'''

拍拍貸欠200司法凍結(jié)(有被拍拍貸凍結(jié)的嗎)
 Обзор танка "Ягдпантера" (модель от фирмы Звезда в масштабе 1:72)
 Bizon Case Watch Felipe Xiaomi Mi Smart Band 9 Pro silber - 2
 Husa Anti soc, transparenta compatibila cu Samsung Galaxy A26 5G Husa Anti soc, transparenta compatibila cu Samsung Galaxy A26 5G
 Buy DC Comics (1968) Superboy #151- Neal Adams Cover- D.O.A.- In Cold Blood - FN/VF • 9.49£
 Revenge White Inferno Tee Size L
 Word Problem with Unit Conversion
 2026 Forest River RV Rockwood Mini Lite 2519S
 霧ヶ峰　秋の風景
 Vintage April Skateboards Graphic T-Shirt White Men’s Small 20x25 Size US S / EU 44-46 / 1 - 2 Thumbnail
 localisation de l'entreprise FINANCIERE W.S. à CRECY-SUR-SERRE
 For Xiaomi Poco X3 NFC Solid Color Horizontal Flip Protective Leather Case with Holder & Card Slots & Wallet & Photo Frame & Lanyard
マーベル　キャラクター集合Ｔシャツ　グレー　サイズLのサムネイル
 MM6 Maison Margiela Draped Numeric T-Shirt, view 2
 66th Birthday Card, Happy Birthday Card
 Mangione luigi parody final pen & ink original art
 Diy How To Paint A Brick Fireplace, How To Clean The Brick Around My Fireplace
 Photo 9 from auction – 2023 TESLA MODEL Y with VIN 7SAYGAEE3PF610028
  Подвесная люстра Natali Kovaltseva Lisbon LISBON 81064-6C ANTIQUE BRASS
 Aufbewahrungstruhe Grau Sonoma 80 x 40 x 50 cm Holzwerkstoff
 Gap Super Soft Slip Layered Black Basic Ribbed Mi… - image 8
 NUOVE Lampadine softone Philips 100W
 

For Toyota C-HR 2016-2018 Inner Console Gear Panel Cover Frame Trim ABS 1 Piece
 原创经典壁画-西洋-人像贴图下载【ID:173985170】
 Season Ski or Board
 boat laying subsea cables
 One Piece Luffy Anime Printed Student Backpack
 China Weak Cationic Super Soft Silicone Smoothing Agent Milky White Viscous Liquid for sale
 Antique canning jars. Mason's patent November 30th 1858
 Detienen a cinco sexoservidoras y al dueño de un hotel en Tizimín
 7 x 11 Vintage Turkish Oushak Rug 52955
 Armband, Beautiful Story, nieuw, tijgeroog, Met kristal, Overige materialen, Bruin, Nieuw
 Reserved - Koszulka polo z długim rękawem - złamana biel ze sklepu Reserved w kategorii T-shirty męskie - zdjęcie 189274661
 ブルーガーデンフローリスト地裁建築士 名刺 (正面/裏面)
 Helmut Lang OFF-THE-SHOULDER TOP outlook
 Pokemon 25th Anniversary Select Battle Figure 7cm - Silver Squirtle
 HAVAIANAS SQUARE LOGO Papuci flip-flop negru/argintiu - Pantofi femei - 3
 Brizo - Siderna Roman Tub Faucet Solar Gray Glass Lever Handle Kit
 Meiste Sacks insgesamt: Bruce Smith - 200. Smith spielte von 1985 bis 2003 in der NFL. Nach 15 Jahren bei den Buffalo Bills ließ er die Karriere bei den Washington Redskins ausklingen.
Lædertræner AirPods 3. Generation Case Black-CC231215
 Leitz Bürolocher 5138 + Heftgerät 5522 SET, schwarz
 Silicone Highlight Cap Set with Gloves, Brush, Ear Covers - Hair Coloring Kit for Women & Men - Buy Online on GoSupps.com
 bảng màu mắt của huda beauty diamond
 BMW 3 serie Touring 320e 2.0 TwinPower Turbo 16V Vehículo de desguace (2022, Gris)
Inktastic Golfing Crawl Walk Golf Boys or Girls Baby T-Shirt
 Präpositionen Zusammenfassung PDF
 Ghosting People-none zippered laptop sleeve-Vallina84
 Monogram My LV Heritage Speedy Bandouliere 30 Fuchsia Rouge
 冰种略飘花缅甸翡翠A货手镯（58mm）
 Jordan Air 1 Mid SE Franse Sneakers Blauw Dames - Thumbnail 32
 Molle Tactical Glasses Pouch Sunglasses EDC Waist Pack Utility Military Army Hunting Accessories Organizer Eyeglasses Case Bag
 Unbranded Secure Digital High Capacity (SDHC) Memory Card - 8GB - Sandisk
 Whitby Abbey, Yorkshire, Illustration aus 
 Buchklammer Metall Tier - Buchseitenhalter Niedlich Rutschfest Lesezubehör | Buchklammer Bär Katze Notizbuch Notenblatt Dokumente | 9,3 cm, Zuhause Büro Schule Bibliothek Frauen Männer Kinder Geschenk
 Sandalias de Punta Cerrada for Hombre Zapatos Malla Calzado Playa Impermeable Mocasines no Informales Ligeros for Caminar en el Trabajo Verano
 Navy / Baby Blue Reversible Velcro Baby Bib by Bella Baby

'''

Exercise prompt
What you need to do is retype all the entries exactly as written.

Exercise result
拍拍貸欠200司法凍結(jié)(有被拍拍貸凍結(jié)的嗎)
 Обзор танка "Ягдпантера" (модель от фирмы Звезда в масштабе 1:72)
 Bizon Case Watch Felipe Xiaomi Mi Smart Band 9 Pro silber - 2
 Husa Anti soc, transparenta compatibila cu Samsung Galaxy A26 5G Husa Anti soc, transparenta compatibila cu Samsung Galaxy A26 5G
 Buy DC Comics (1968) Superboy #151- Neal Adams Cover- D.O.A.- In Cold Blood - FN/VF • 9.49£
 Revenge White Inferno Tee Size L
 Word Problem with Unit Conversion
 2026 Forest River RV Rockwood Mini Lite 2519S
 霧ヶ峰　秋の風景
 Vintage April Skateboards Graphic T-Shirt White Men’s Small 20x25 Size US S / EU 44-46 / 1 - 2 Thumbnail
 localisation de l'entreprise FINANCIERE W.S. à CRECY-SUR-SERRE
 For Xiaomi Poco X3 NFC Solid Color Horizontal Flip Protective Leather Case with Holder & Card Slots & Wallet & Photo Frame & Lanyard
マーベル　キャラクター集合Ｔシャツ　グレー　サイズLのサムネイル
 MM6 Maison Margiela Draped Numeric T-Shirt, view 2
 66th Birthday Card, Happy Birthday Card
 Mangione luigi parody final pen & ink original art
 Diy How To Paint A Brick Fireplace, How To Clean The Brick Around My Fireplace
 Photo 9 from auction – 2023 TESLA MODEL Y with VIN 7SAYGAEE3PF610028
  Подвесная люстра Natali Kovaltseva Lisbon LISBON 81064-6C ANTIQUE BRASS
 Aufbewahrungstruhe Grau Sonoma 80 x 40 x 50 cm Holzwerkstoff
 Gap Super Soft Slip Layered Black Basic Ribbed Mi… - image 8
 NUOVE Lampadine softone Philips 100W
 

For Toyota C-HR 2016-2018 Inner Console Gear Panel Cover Frame Trim ABS 1 Piece
 原创经典壁画-西洋-人像贴图下载【ID:173985170】
 Season Ski or Board
 boat laying subsea cables
 One Piece Luffy Anime Printed Student Backpack
 China Weak Cationic Super Soft Silicone Smoothing Agent Milky White Viscous Liquid for sale
 Antique canning jars. Mason's patent November 30th 1858
 Detienen a cinco sexoservidoras y al dueño de un hotel en Tizimín
 7 x 11 Vintage Turkish Oushak Rug 52955
 Armband, Beautiful Story, nieuw, tijgeroog, Met kristal, Overige materialen, Bruin, Nieuw
 Reserved - Koszulka polo z długim rękawem - złamana biel ze sklepu Reserved w kategorii T-shirty męskie - zdjęcie 189274661
 ブルーガーデンフローリスト地裁建築士 名刺 (正面/裏面)
 Helmut Lang OFF-THE-SHOULDER TOP outlook
 Pokemon 25th Anniversary Select Battle Figure 7cm - Silver Squirtle
 HAVAIANAS SQUARE LOGO Papuci flip-flop negru/argintiu - Pantofi femei - 3
 Brizo - Siderna Roman Tub Faucet Solar Gray Glass Lever Handle Kit
 Meiste Sacks insgesamt: Bruce Smith - 200. Smith spielte von 1985 bis 2003 in der NFL. Nach 15 Jahren bei den Buffalo Bills ließ er die Karriere bei den Washington Redskins ausklingen.
Lædertræner AirPods 3. Generation Case Black-CC231215
 Leitz Bürolocher 5138 + Heftgerät 5522 SET, schwarz
 Silicone Highlight Cap Set with Gloves, Brush, Ear Covers - Hair Coloring Kit for Women & Men - Buy Online on GoSupps.com
 bảng màu mắt của huda beauty diamond
 BMW 3 serie Touring 320e 2.0 TwinPower Turbo 16V Vehículo de desguace (2022, Gris)
Inktastic Golfing Crawl Walk Golf Boys or Girls Baby T-Shirt
 Präpositionen Zusammenfassung PDF
 Ghosting People-none zippered laptop sleeve-Vallina84
 Monogram My LV Heritage Speedy Bandouliere 30 Fuchsia Rouge
 冰种略飘花缅甸翡翠A货手镯（58mm）
 Jordan Air 1 Mid SE Franse Sneakers Blauw Dames - Thumbnail 32
 Molle Tactical Glasses Pouch Sunglasses EDC Waist Pack Utility Military Army Hunting Accessories Organizer Eyeglasses Case Bag
 Unbranded Secure Digital High Capacity (SDHC) Memory Card - 8GB - Sandisk
 Whitby Abbey, Yorkshire, Illustration aus 
 Buchklammer Metall Tier - Buchseitenhalter Niedlich Rutschfest Lesezubehör | Buchklammer Bär Katze Notizbuch Notenblatt Dokumente | 9,3 cm, Zuhause Büro Schule Bibliothek Frauen Männer Kinder Geschenk
 Sandalias de Punta Cerrada for Hombre Zapatos Malla Calzado Playa Impermeable Mocasines no Informales Ligeros for Caminar en el Trabajo Verano
 Navy / Baby Blue Reversible Velcro Baby Bib by Bella Baby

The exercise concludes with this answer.